═════ DATA SHOWN ═════

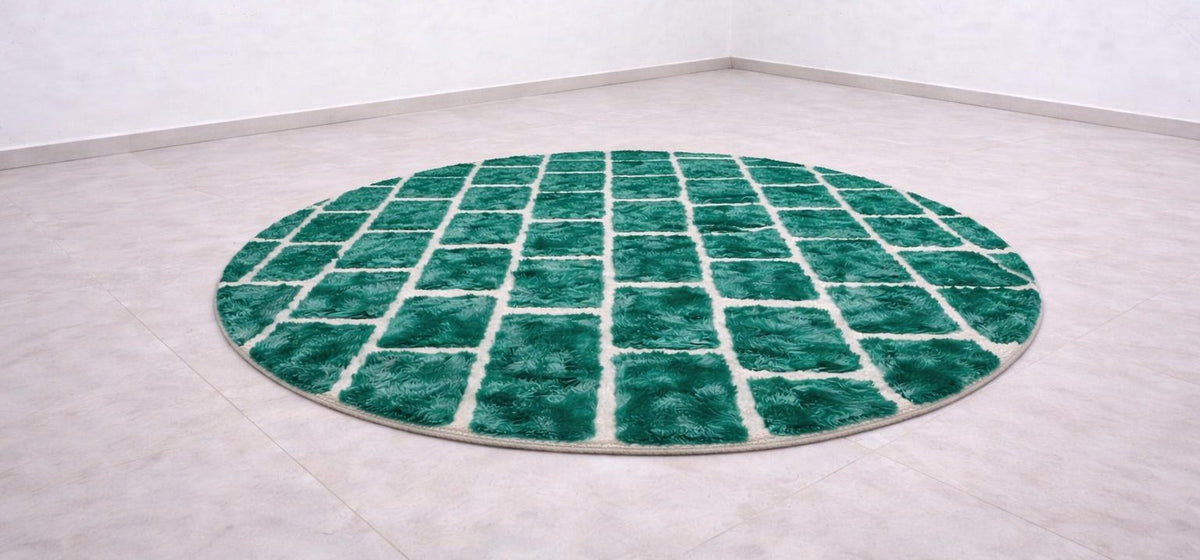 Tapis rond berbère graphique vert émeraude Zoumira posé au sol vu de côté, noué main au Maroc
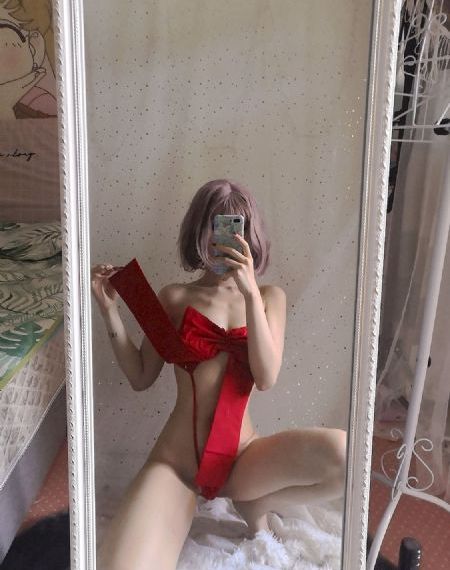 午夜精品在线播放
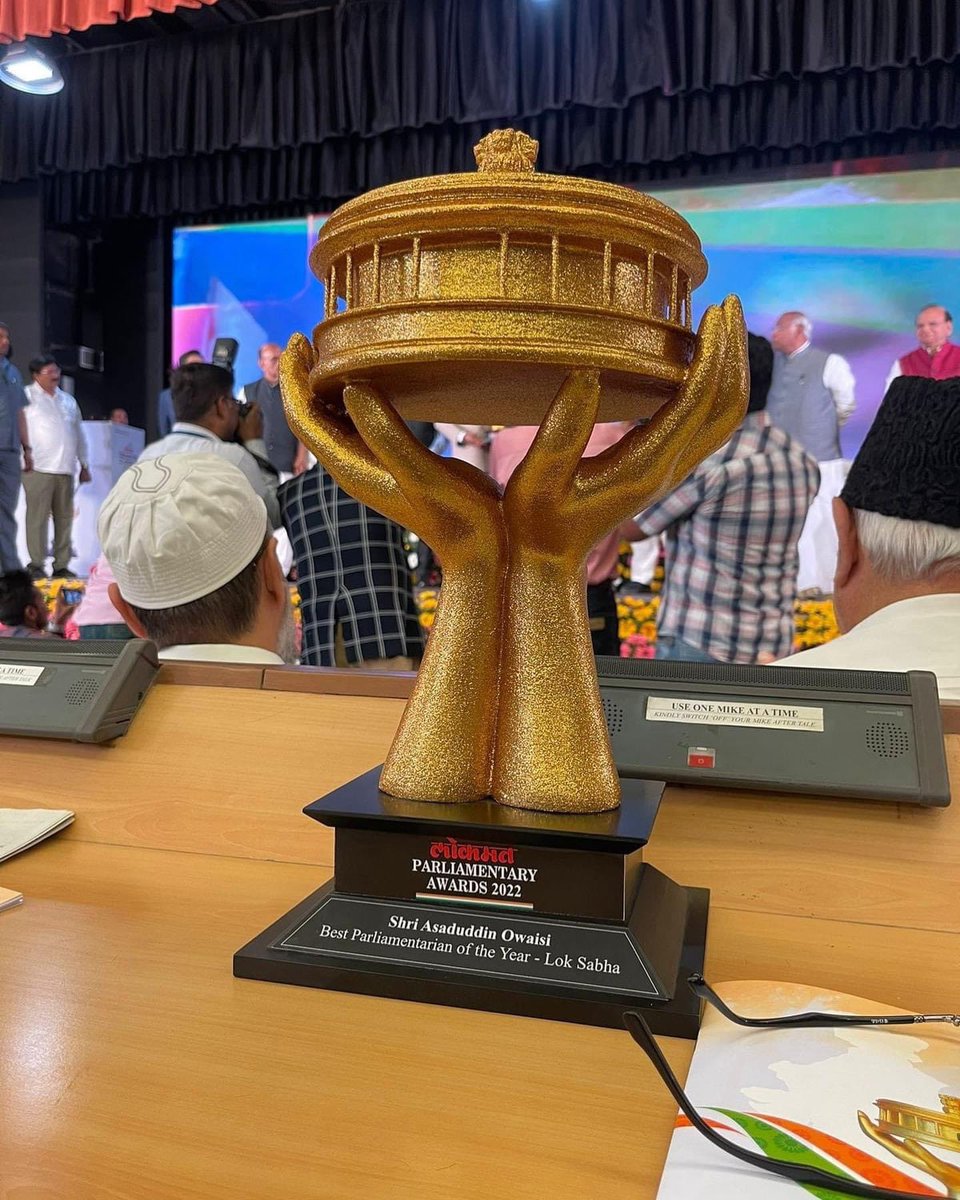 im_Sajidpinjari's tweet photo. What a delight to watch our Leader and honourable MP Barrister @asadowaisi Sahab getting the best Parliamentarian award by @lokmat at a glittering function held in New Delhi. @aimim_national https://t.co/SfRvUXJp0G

═════

**THE TASK:**
Your answer should contain all the material above, written out exactly, and none of the pictures.

**EXPECTED ANSWER:**
 Tapis rond berbère graphique vert émeraude Zoumira posé au sol vu de côté, noué main au Maroc
 午夜精品在线播放
 im_Sajidpinjari's tweet photo. What a delight to watch our Leader and honourable MP Barrister @asadowaisi Sahab getting the best Parliamentarian award by @lokmat at a glittering function held in New Delhi. @aimim_national https://t.co/SfRvUXJp0G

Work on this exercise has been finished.